I don’t have previous Product experience, should I apply for mid/higher level Product roles?

Every organization has their own designations for entry-level Product positions – some hire new PMs as Junior PM/ Associate PM/ Product Manager designation. What really matters is finding out what the job responsibilities are to check whether or not it’s an entry level position.

Why is it recommended to start at a junior position for Product?

Product Managers have a very complicated mix of skills, which are best developed and strengthened over time while working on complicated projects where you’re able to learn but have a fall-back space. Having a chance to learn without the pressure of having the team fail and more importantly being in a position to receive mentorship and feedback for growth are not easily available in mid and high-level positions in Product. And having an experience at junior level sometimes makes the whole difference in confidence when you’re ready for your next step.

What are the basics of being a good junior PM? How can I be confident that a career in Product Management is right for me?

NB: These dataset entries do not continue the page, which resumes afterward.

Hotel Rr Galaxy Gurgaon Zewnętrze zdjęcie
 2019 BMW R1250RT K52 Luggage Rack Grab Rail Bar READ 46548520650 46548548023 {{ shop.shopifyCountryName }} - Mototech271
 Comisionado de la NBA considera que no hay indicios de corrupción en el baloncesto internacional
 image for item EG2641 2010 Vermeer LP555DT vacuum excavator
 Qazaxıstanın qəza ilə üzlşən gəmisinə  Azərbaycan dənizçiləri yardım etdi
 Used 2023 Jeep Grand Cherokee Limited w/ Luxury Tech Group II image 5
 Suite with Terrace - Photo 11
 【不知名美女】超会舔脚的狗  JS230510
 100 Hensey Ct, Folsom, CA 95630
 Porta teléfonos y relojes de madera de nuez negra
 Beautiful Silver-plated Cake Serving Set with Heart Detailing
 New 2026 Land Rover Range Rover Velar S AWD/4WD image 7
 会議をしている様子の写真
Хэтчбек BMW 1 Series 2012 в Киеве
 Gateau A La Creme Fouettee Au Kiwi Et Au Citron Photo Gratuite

  1. Be very curious – PMs are supposed to be constantly aware of how their product is doing? What do users have to say about it? What does the internal team think of improvements that can be made? Basically if you’re someone who asks a lot of questions to try and get to the core of an opportunity or a problem, being a PM is going to be easier.
  2. Believe in Data and Feedback – You’re going to be in a position where you’re able to make suggestions for building/ changing products and a lot of times these suggestions will be born out of ideas that you or someone else on the team proposed. As phenomenal as it sounds, you really want to validate hypotheses by searching for data and actual customer feedback. To be able to do this you’re going to need to be somewhat interested in data analysis tools (start off with Excel and learn the basics of analytics)
  3. Great at creating and managing relationships – As a PM you’re expected to be at the centre of all relationships your team is ever going to need, this means you’ll be speaking to actual customers, sales reps, marketing team, legal team as well as your senior leadership on an everyday basis. If you are someone who can build strong relationships and deliver as promised – you’ll find it easier to navigate escalations and ask for favors that could help turn your projects into a huge success.
  4. Empathetic towards your team – Your larger team will consist of engineers, developers, business analysts, scrum master, etc. Basically everyone on the team has a very different skill set, probably a different point of view on most things as well as a unique style of working. How you build rapport and provide the team whatever it is they need to be able to perform to their best will greatly determine how successful you are in delivering too.
  5. Dependable and open to learn – Being open to learning about new tools and methods that your team uses is going to make you not have to be dependent on anyone else to provide data/ inputs you may need at a moment of urgent decision making. For example, the mobile app that your team built faces a massive error when someone tries to use one specific function, your ability to investigate what’s causing the issue and how fast you are able to justify an action for the benefit of your customers will create your image of dependability within your team.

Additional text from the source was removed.